In [48], a new method was introduced to efficiently plan viewpoints and trajectories for 3D reconstruction using a quadcopter with an RGB camera in outdoor environments. The method maximized information gain while minimizing travel distance, respecting the limited flight time of quadcopters. It used a hierarchical volumetric representation to distinguish between unknown, free, and occupied space, and handled occlusions efficiently. The method also utilized free-space information to avoid obstacles and plan collision-free flight paths. The authors demonstrated the effectiveness of their method through compelling 3D reconstructions and a thorough quantitative evaluation.
In [49], a novel approach was proposed to enhance surface reconstruction in urban environments by integrating aerial and ground images. The key innovation was based on leveraging photogrammetric mesh models for aerial-ground image matching, overcoming the challenges posed by significant viewpoint and illumination differences. This method, with linear time complexity, was shown to effectively handle low overlap scenarios using multi-view images and could seamlessly integrate with existing SfM and MVS pipelines. The process involved the separate reconstruction of aerial and ground images, co-registration using weak georeferencing data, rendering of aerial models to ground views, and feature matching with outlier removal. Finally, oriented 3D patches facilitated correspondence propagation to aerial views. The experimental results demonstrated superior performance, achieving successful matching in all ten challenging pairs compared to only three for the second-best method, while also enabling a more complete and stable reconstruction.
The results of this study were compared with previous works based on depth maps, SfM, and MVS. This current research focuses on enhancing the accuracy of 3D reconstruction for cultural heritage preservation by refining depth estimation using SIFT features. This emphasis on improving depth estimation through feature matching distinguishes the present work from others.
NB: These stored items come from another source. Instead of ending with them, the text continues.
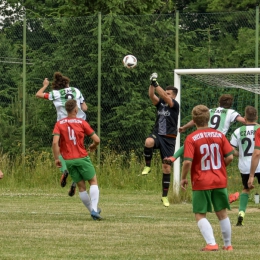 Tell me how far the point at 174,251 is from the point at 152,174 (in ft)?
37.6

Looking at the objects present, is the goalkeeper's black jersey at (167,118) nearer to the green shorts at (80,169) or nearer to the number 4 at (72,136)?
the green shorts at (80,169)

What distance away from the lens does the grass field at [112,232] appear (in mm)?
9773

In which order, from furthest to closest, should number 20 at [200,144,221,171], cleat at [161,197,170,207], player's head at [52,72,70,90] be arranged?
player's head at [52,72,70,90] → cleat at [161,197,170,207] → number 20 at [200,144,221,171]

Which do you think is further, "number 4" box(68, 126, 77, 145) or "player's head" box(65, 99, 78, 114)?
"number 4" box(68, 126, 77, 145)

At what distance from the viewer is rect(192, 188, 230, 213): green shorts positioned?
9.96 meters

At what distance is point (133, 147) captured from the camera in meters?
22.2

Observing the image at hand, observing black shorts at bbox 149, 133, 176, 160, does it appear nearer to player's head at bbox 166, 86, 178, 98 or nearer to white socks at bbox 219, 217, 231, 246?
player's head at bbox 166, 86, 178, 98

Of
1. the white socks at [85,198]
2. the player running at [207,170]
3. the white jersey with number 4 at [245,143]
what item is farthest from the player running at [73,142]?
the player running at [207,170]

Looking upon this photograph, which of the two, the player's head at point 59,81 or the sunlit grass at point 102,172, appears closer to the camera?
the player's head at point 59,81

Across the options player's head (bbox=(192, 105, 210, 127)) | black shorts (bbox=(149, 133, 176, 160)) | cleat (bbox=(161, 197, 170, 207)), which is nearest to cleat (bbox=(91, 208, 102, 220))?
cleat (bbox=(161, 197, 170, 207))

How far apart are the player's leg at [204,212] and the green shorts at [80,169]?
3601mm

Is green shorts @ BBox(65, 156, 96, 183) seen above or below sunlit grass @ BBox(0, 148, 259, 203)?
above

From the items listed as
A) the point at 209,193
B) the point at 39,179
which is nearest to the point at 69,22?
the point at 39,179

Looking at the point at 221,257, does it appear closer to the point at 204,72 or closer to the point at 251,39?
the point at 204,72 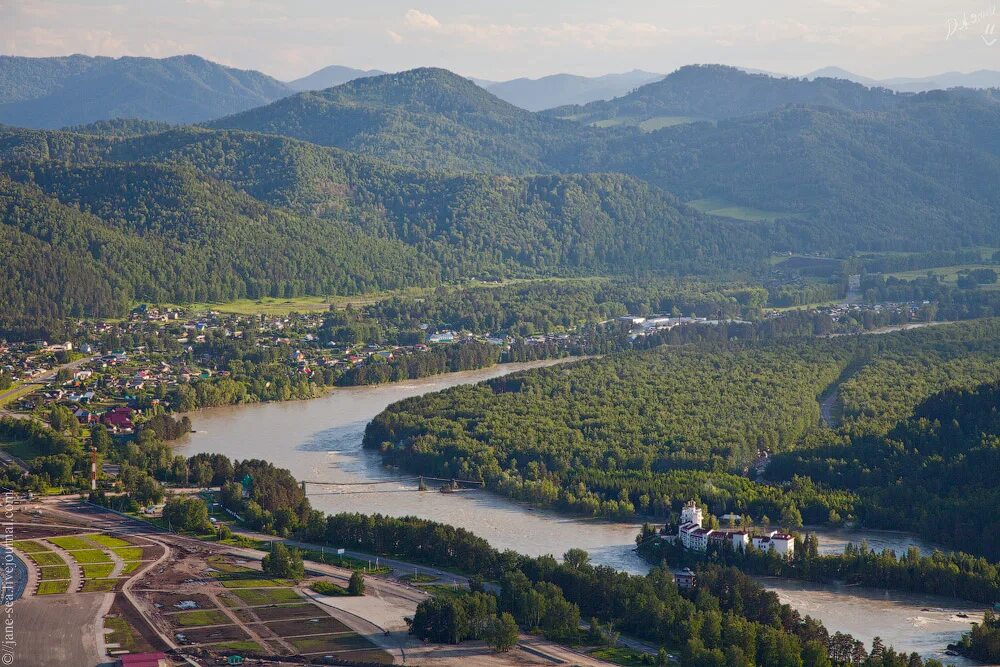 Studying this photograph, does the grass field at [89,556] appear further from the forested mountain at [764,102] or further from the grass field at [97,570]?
the forested mountain at [764,102]

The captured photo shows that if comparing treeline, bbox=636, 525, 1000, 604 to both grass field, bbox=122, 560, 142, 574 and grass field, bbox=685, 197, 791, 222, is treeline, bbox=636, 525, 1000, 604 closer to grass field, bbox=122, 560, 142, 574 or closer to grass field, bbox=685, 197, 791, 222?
grass field, bbox=122, 560, 142, 574

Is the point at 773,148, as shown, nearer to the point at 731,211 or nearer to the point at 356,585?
the point at 731,211

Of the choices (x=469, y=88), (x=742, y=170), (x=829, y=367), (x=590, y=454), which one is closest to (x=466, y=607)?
(x=590, y=454)

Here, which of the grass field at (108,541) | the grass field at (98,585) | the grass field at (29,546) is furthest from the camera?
the grass field at (108,541)

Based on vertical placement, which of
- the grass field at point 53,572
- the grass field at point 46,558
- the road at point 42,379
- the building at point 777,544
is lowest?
the grass field at point 53,572

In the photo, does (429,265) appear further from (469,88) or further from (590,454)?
(469,88)

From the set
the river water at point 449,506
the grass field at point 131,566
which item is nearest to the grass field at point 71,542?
the grass field at point 131,566

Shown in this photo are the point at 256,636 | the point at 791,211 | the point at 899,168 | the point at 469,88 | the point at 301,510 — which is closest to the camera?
the point at 256,636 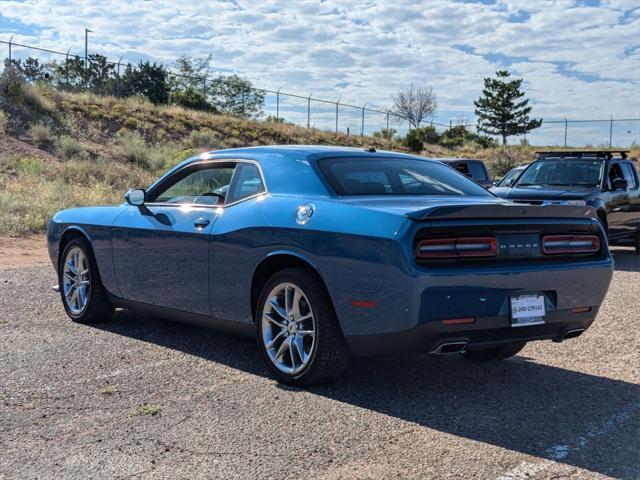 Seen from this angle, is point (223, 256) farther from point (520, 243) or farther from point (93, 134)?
point (93, 134)

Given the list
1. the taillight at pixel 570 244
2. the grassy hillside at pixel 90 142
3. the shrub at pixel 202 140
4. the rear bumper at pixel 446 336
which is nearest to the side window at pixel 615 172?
the taillight at pixel 570 244

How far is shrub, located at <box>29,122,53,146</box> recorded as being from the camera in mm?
27328

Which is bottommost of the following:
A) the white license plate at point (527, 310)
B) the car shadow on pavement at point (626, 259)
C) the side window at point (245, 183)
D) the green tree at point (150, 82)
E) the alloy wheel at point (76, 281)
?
the car shadow on pavement at point (626, 259)

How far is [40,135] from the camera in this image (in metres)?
27.4

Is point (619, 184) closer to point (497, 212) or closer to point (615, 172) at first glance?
point (615, 172)

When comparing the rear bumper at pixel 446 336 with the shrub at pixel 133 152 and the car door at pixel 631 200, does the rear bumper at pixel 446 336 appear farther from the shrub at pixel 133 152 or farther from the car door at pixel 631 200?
the shrub at pixel 133 152

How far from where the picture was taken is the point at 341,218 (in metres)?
4.93

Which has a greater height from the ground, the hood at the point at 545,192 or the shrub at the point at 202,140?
the shrub at the point at 202,140

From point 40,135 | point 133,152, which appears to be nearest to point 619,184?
point 133,152

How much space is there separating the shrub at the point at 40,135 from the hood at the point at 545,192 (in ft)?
62.1

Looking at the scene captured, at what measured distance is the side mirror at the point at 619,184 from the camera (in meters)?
13.4

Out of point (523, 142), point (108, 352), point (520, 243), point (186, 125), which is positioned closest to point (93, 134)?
point (186, 125)

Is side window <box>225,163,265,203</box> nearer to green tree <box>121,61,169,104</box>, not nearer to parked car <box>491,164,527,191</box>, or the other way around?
parked car <box>491,164,527,191</box>

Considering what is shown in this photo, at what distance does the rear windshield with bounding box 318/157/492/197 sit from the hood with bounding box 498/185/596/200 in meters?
6.21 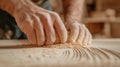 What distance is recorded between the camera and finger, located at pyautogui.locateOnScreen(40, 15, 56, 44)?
31.4 inches

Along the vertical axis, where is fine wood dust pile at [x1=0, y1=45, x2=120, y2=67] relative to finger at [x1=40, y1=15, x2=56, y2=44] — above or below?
below

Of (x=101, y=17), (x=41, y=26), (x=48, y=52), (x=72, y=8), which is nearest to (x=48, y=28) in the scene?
(x=41, y=26)

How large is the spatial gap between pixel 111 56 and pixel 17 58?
0.19 meters

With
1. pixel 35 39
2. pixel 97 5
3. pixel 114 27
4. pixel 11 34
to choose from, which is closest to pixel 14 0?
pixel 35 39

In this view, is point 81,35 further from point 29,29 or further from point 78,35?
point 29,29

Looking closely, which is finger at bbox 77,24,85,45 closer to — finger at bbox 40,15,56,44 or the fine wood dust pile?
finger at bbox 40,15,56,44

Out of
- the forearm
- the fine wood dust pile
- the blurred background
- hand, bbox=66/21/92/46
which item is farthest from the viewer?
the blurred background

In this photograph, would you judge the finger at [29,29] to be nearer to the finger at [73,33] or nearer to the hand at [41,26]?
the hand at [41,26]

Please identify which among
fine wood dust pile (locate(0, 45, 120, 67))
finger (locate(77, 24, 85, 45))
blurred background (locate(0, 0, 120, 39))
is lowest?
blurred background (locate(0, 0, 120, 39))

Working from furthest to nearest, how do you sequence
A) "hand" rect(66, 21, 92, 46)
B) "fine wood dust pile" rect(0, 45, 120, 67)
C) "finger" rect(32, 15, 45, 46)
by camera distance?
1. "hand" rect(66, 21, 92, 46)
2. "finger" rect(32, 15, 45, 46)
3. "fine wood dust pile" rect(0, 45, 120, 67)

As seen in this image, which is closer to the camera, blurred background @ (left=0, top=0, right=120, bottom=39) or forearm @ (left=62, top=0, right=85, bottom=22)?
forearm @ (left=62, top=0, right=85, bottom=22)

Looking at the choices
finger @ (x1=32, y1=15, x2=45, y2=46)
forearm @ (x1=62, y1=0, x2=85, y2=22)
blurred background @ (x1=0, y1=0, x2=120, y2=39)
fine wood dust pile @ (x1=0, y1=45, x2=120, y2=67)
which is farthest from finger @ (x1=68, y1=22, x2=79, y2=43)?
blurred background @ (x1=0, y1=0, x2=120, y2=39)

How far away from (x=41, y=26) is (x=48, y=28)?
19 millimetres

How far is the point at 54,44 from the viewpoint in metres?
0.83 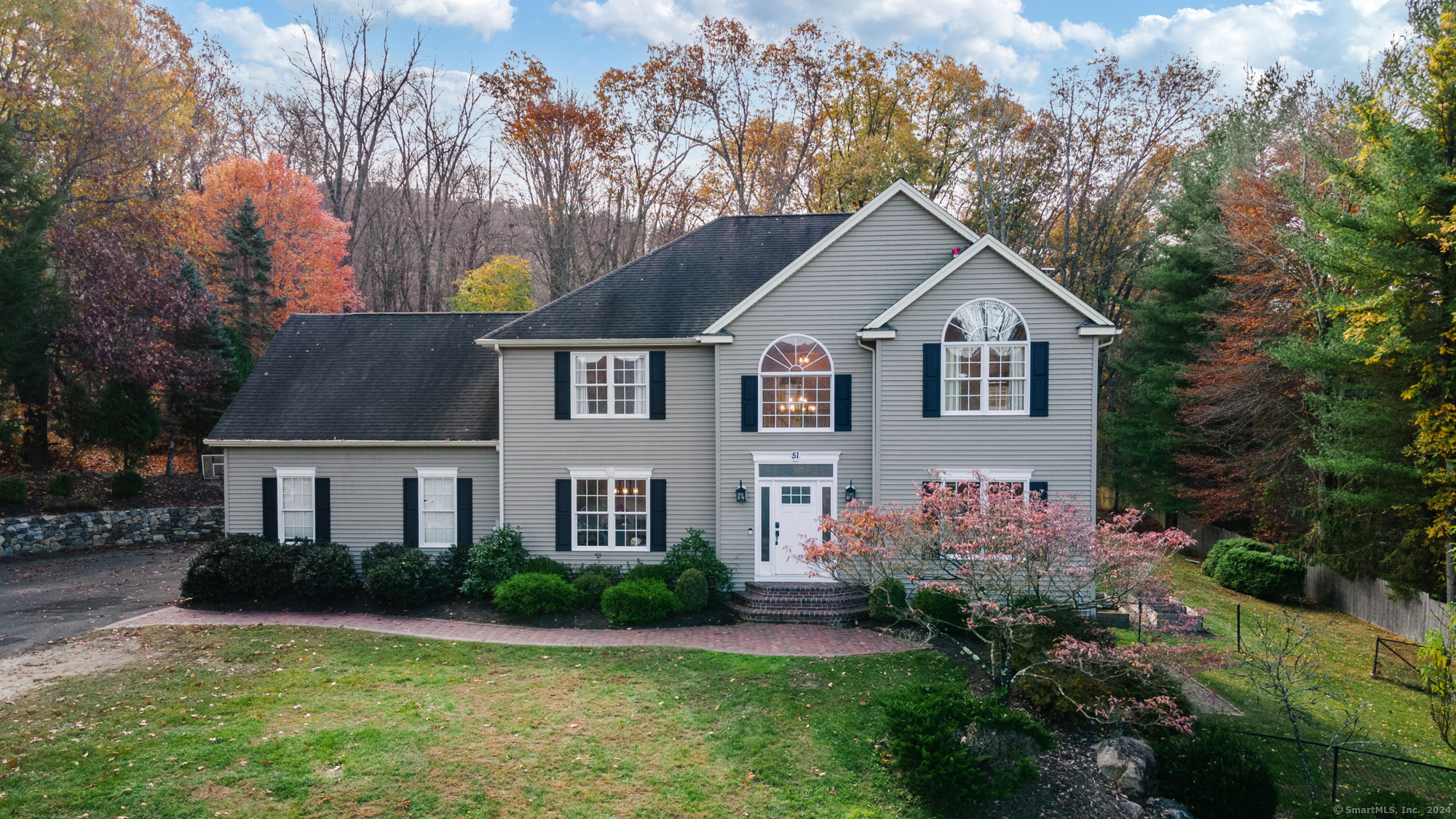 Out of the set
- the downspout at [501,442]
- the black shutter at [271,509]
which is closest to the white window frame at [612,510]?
the downspout at [501,442]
Depth map methods focus on a dense SLAM system for real-time reconstruction without a pose graph, using frame-to-model tracking, non-rigid surface deformation [44], and the robust reconstruction of indoor scenes from RGB-D videos using geometric registration and global optimization [45]. SfM methods [46,47] propose single-shot 3D reconstruction using a grid pattern-based structured-light vision system, together with an efficient covisibility-based incremental SfM method for both unordered and sequential images. MVS methods [48,49] involve viewpoint and trajectory optimization for aerial multi-view stereo 3D reconstruction, together with leveraging photogrammetric mesh models for aerial-ground feature point matching toward integrated 3D reconstruction.
In contrast to these previous works, the proposed approach specifically targets cultural heritage preservation and utilizes a low-cost image acquisition setup, potentially making it more accessible for broader applications. However, its reliance on SIFT features may limit its robustness in certain scenarios, such as those involving repetitive patterns or low-texture regions. In such cases, incorporating complementary techniques from the cited works, such as dense frame-to-model tracking or leveraging photogrammetric mesh models, could enhance the robustness of the proposed approach.

4. Conclusions

According to the reconstruction results in Section 3, the proposed method can generate more meaningful point clouds compared to the original depth map. For example, in Image Dataset 2, the proposed method generated 2,588,931 point clouds, whereas the original depth map method generated only 814,300. In Image Dataset 3, the proposed method generated 2,759,780 point clouds, whereas the original depth map method generated only 943,360. In terms of depth information accuracy, an accuracy of 72.33% was achieved, whereas the original depth map method achieved only 24.93%. One major disadvantage of the proposed method is the running time, since monocular depth estimation and Poisson distribution techniques are required to generate the mesh. The experiment involving photographs being taken of a tangible cultural heritage object highlighted the importance of lighting conditions. As described earlier, all images in this work were taken at The National Art Museum of China, Beijing; therefore, it was not possible to control the lighting and other environmental factors to create the most suitable surroundings for our reconstruction method.
The experimental results highlight key takeaways. Compared to the depth map method, the proposed method offers significantly improved accuracy in depth information and point cloud generation, though at the cost of longer running time. Additionally, the proposed method appears particularly effective for image datasets featuring high color contrast between objects and backgrounds. It is important to note that this conclusion is currently based on visual observation; further analysis of specific color features (hue, saturation, etc.) is required. Future work should explore the method’s performance with diverse image datasets (varying sizes and types) and prioritize algorithm speed optimization.

Author Contributions

Conceptualization, P.V. and X.L.; methodology, P.V.; software, F.P.; validation, P.V., C.C. and F.P.; formal analysis, P.V. and X.L.; investigation, X.L.; resources, P.V.; data curation, P.V.; writing—original draft preparation, P.V. and F.P.; writing—review and editing, P.V.; visualization, F.P.; supervision, P.V. and X.L.; project administration, P.V.; funding acquisition, P.V. All authors have read and agreed to the published version of the manuscript.

Funding

This research was funded by the National Science, Research, and Innovation Fund (NSRF) and King Mongkut’s University of Technology North Bangkok under Contract no. KMUTNB-FF-66-18.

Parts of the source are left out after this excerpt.